Slapping Tortillas

Tuesday, December 31, 2002

From slave post to museum


In Ghana, African-Americans visit castles where their ancestors may have been held before being shipped to the New World as slaves.

Christian Science Monitor

CAPE COAST, GHANA – The old slave castle looks peaceful today, covered with a coat of white paint and overlooking the waves lapping the rocks along the Atlantic shoreline.

Local boys play soccer matches among abandoned buildings nearby. In the evenings they move into the castle and fill the warm air with the beat of energetic drum circles.

None of this can overshadow Cape Coast Castle's gruesome past for hundreds of tourists who pass through each week to tour the grounds and weep in its eerie dungeons.

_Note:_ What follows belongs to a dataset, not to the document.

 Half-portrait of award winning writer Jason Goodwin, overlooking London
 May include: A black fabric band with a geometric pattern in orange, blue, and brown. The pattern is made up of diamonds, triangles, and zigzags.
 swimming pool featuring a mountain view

Cape Coast lies about three hours from Accra, the modern capital of Ghana, on a stretch of West Africa known as the Gold Coast.

Ghana may well have the highest concentration of slave posts anywhere in the world, giving it the dubious nickname "the shopping street of West Africa."

Dozens of historic castles, forts, and trading posts may still be found along a coastline less than 310 miles long.

In Cape Coast and nearby Elmina, the castles have been converted into well-maintained museums that educate as much as they torment, while many other forts are now inexpensive hotels with breathtaking views of the ocean.

This former British colony has become a destination for African-Americans digging for their roots or looking for a different perspective of the continent that seems to generate only bad-news headlines.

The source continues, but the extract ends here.